1. Extremely Realistic Eyes - I don't just wrap up some paper and glaze it then call it good. I sometimes make three or four versions of the eye to test out which one looks best. I make them slightly smaller, slightly larger, and with color variations. In the case of this cheetah, not only did I go through several eyes, but I also tried a new technique to create the left eye which is viewed from an angle!! This was tricky. I had to create the eye and then cut it into a wedge shape which is difficult when you're working with paper domes. To add even more realism I built a multi-layer lid system for both upper and lower lids. The process itself takes an entire night. The finishing touch was to glaze the tear-duct in the corner of the eye. This is best viewed in person, but definitely brings it to life.
2. 3D Tufted Ears - The ear was built 2D to simulate the look of tufts of fur that arched over the darker inner ear area. After the piece was done I took teeny weeny wedge-shaped strips and inserted them at an angle into the existing quills to create actual tufts of fur that extend up beyond the flat portion of the ear. So when you look at it in person, you see these tiny hairs lifted up off the surface.

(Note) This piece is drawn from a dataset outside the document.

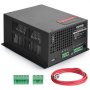 VEVOR CO2 Laser Power Supply for 100W Laser Tube Laser Engravers and Cutters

3. Two-Layer Design - Instead of making a completely flat portrait which included both the face and the neck, I built the head first, then attached it to scaffolding to hold it up off the paper by 1/4". When placed on the background it slightly overhangs the neck section and creates the illusion of depth. This helps create a sense of realism since the face is the closest section to your eye and therefore should be closer in space.

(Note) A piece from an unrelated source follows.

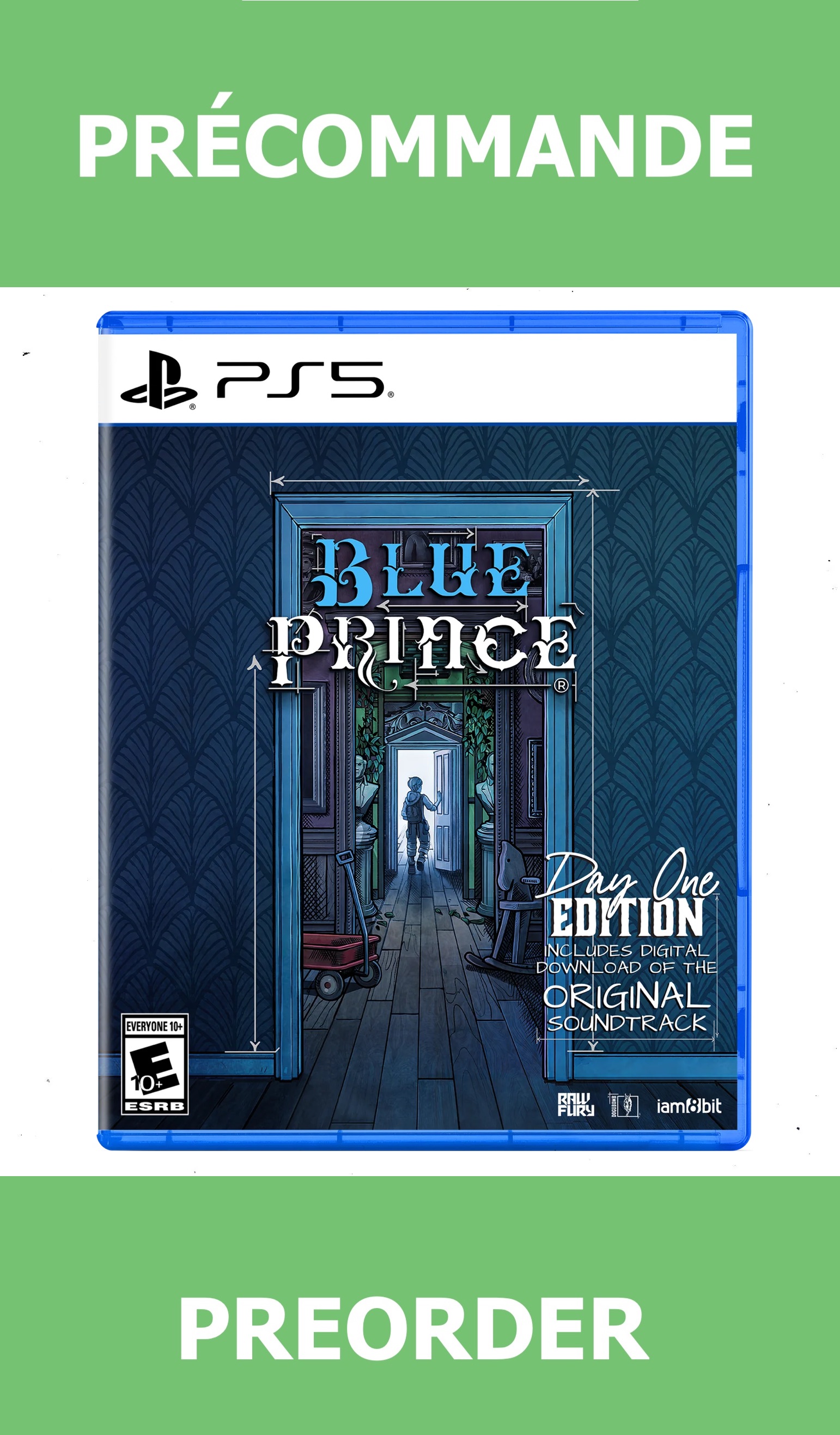 *Précommande* Blue Prince Day One Edition/PS5 21/11/2025 49.99$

4. Tapered Whiskers - The whiskering process included taking strips of paper and tapering both ends so they didn't look flat and linear. This is best appreciated in person when you can see if from different angles. I inserted whiskers on the underneath of the muzzle, on the sides, and also the top. This way they have real depth and don't all stem from the same location or area.
5. Detailed Outer Furring - I noticed when researching cheetahs that they aren't just shades of cream and brown like our eyes tell us. If you look at closeup photos of them, on the outer edges are little black hairs that stand up slightly higher than the lighter fur. To create this effect I spent another evening snipping black strips and inserting them into the tiny combs I'd already placed.

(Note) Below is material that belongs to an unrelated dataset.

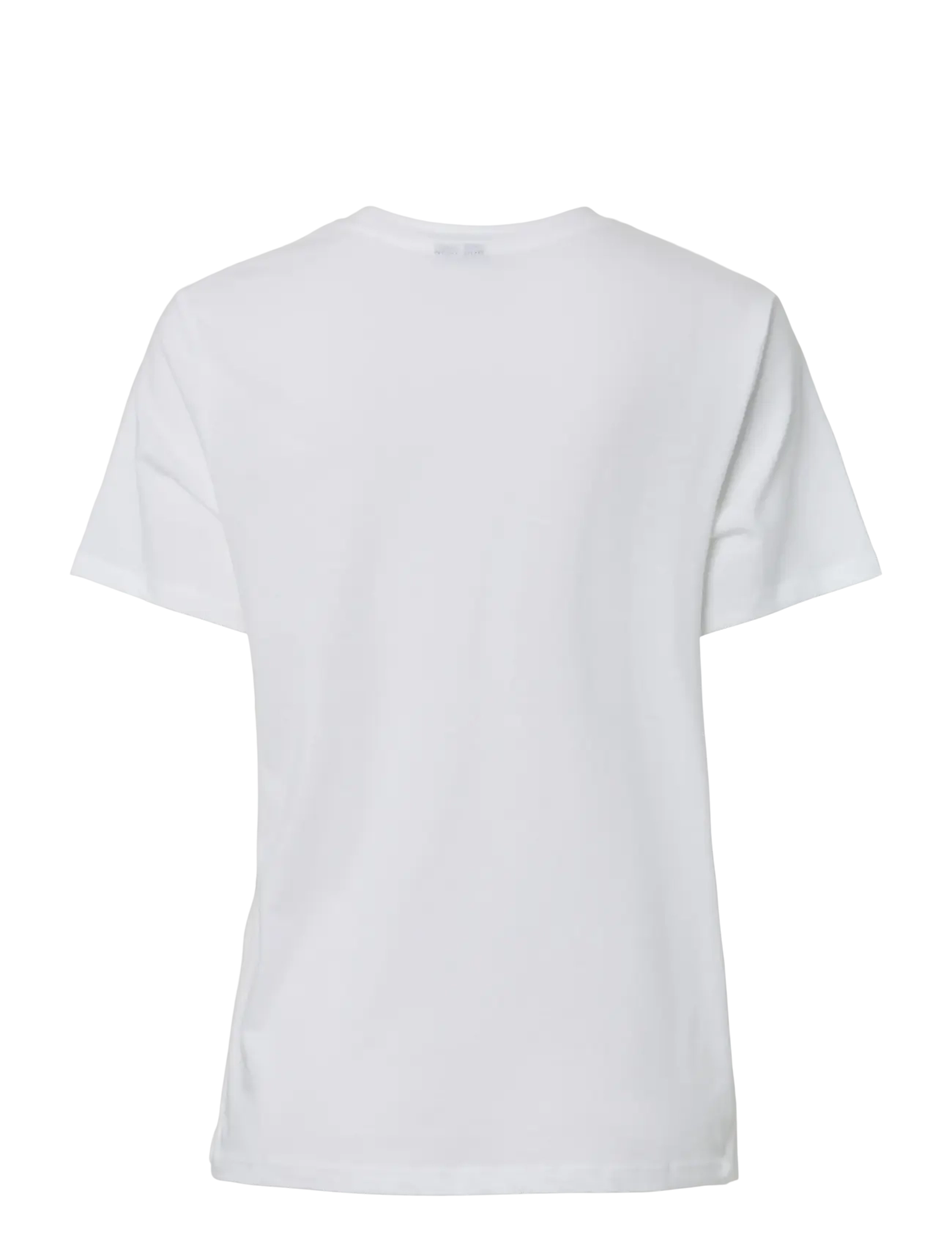 Pieces - PCGAK SS EMBROIDERY T-SHIRT JRS BC - t-shirts - bright white - 1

I tried counting the number of individual pieces on the cheetah but decided it would take too long. If I had to guess there are probably 500-1000 total. The entire project took roughly 15 hours from start to finish and I could have spent another 10 on tiny details - but I had to stop myself, LOL.
I hope you enjoy seeing the detail shots and the explanations behind them. Looking forward to a busy summer and some more wildlife quilling in the near future!
Where I Buy My Supplies
Paper: Little Circles
I chose Little Circles paper for this project because I needed a wide variety of colors in the same family to produce shading effects. Little Circles has the largest array of colors available (that I know of) so it was a logical choice. I used two different types of their paper for the cheetah.
- Culture Pop - this is their normal weight quilling strip. I believe it's 70lb weight. I always use 1/4" strips for extra depth and a bold presentation.
- On Edge - this is their new outline weight quilling strip. It's too thick to make quilled shapes with, but perfect for thick, bold lines. In this piece I used 1/4" black On Edge strips to create a sturdy scaffolding to hold the head up off the background and I used 1/8" white On Edge strips for the whiskers.
Tools: Quilled Creations
I always used Quilled Creations tools. I don't think there are any exceptions to this. I love the quality, I love the innovation, and I love the variety.
- Savvy Slotted Tool - this is their new slotted tool which is ergonomically designed and features a teeny tiny slotted tip. I will never go back to a regular tool after using this one!
- Fine-Tipped Tweezers - a must have for holding, placing, and maneuvering individual pieces.
- Fine-Tipped Scissors - a nice set of scissors that are small and compact with a fine tip for getting into tight places.
- Mini Mold - I never thought I'd use this but I can't live without it now. Especially for my eyes.
- Needle-Tipped Glue Applicator - again, another must-have weapon in your quilling arsenal. You'll never go back to thicker tipped applicators once you see how amazing this one works.
- Fringer - these fringing scissors are tough, solid, and more than aptly do the job required.
- Crystal Coat Glaze - perfect shine, every time!
Background: Dick Blick
I have been through a variety of backgrounds over the past few years. I have used cardstock and then watercolor paper, and now I have decided the only background that is worth my time is the fiber-infused artboard through Dick Blick. It cures everything I hate about other background materials. It doesn't warp even with excessive glue use. It doesn't discolor over time. It allows for quick and efficient editing even after quills have been glued down for days! I'll never go back to another background medium for my larger, more elaborate pieces.